日本の全産業の平均年収が478万円(国税庁調べ)であることを踏まえると、Webデザイナーの給与水準は平均よりも約60万円高い傾向にあります。
また、時給換算(一般労働者)では2,614円となっており、専門的なスキルが評価される職種であることがわかります。
会社員とフリーランスの収入の違い
会社員の場合は安定した給与を得られますが、フリーランスの場合は個人のスキルや営業力によって収入が大きく変動します。
実力次第では年収800万円以上を稼ぐフリーランスも存在しますが、逆に仕事が途切れて収入が不安定になるリスクも伴います。
年収アップの方法
給料を上げるためには、単にデザインを作るだけでなく、付加価値を提供することが重要です。
例えば、Webディレクターとしてプロジェクト全体を統括する立場になったり、UI/UXデザインの専門性を高めてユーザー体験を改善するスキルを身につけたりすることで、市場価値を高められます。
また、プログラミングスキル(JavaScriptやPHPなど)を習得し、フロントエンドエンジニアとしての領域もカバーできるようになれば、さらに収入アップが期待できます。
Webデザイナーに必要なスキルとツール

Webデザイナーとして活躍するには、どのようなスキルとツールを身につければよいのでしょうか。
必須の3つのスキルと、実務でよく使うツールを紹介します。
必須の3つのスキル
Webデザイナーとして活躍するためには、デザインスキル、コーディングスキル、コミュニケーションスキルの3つ大切です。
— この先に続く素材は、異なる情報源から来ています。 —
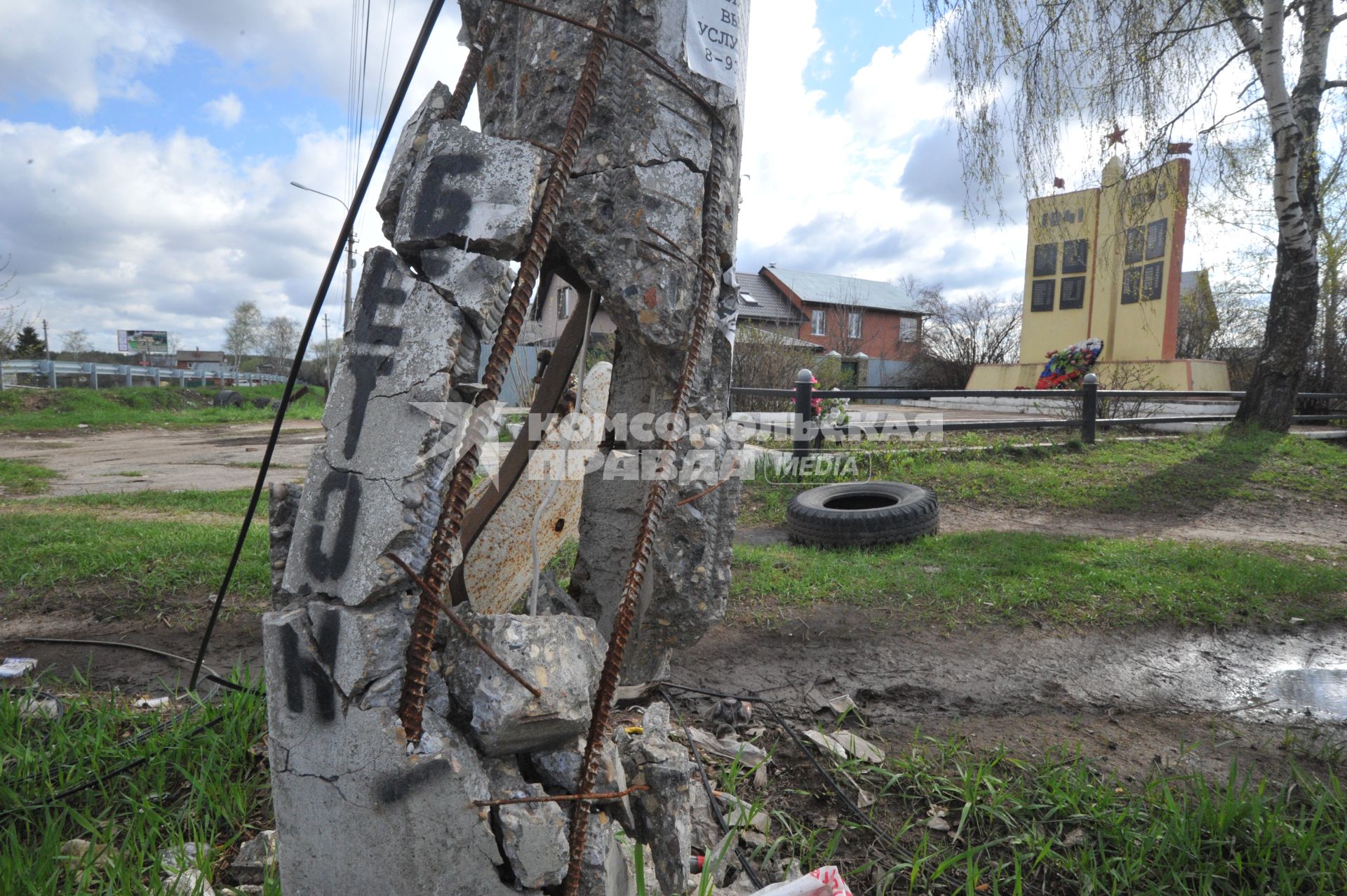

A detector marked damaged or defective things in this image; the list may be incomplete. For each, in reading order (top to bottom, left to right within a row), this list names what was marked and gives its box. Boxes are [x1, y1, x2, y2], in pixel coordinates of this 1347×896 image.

| デザインスキル | 色彩感覚やレイアウトの基本原則を理解し、ターゲットに合わせた視覚表現を作る能力。 |
| コーディングスキル | HTMLとCSSを使って、デザインをWeb上に正確に構築する技術。基本的なJavaScriptの知識もあると表現の幅が広がる |
| コミュニケーションスキル | クライアントの要望を正確に汲み取り、チームメンバーと円滑に連携するための能力。 |
ツール自体の操作方法は学習すれば誰でも身につけられますが、ツールより思考力と人間力が長期的な活躍を左右します。
プログラミングは必須ではありませんが、人と協力する姿勢があれば、未経験でも十分に活躍できる職種です。
よく使うツール一覧
実務でよく使うツールは以下の通りです。
- Figma / Adobe XD:UIデザインやワイヤーフレーム作成に使うデザインツール
- Adobe Illustrator / Photoshop:ロゴやバナー、画像加工に使うグラフィックツール
- HTML / CSS / JavaScript:Webページを構築するためのコーディング言語
- Google Analytics / Search Console:公開後のサイトのアクセス状況や検索パフォーマンスを確認するツール
どのツールも数字や画面の読み方の基本は共通しているため、1つ習得すると他のツールへの応用が利きやすくなります。
Webデザイナーに向いている人・向いていない人

Webデザイナーの仕事は、適性によってやりがいを感じる度合いが大きく変わります。
自分に向いているかどうか、特徴と傾向を確認してみましょう。
向いている人の特徴
- モノづくりやデザインが好きな人
- 地道な作業をコツコツと続けられる人
- 新しい技術やトレンドを学ぶのが好きな人
Webデザイナーは、頭の中にあるアイデアを形にしていく「モノづくり」の仕事です。
デザインを考えたり、コードを書いて画面を作り上げたりする過程を楽しめる人は強い適性があります。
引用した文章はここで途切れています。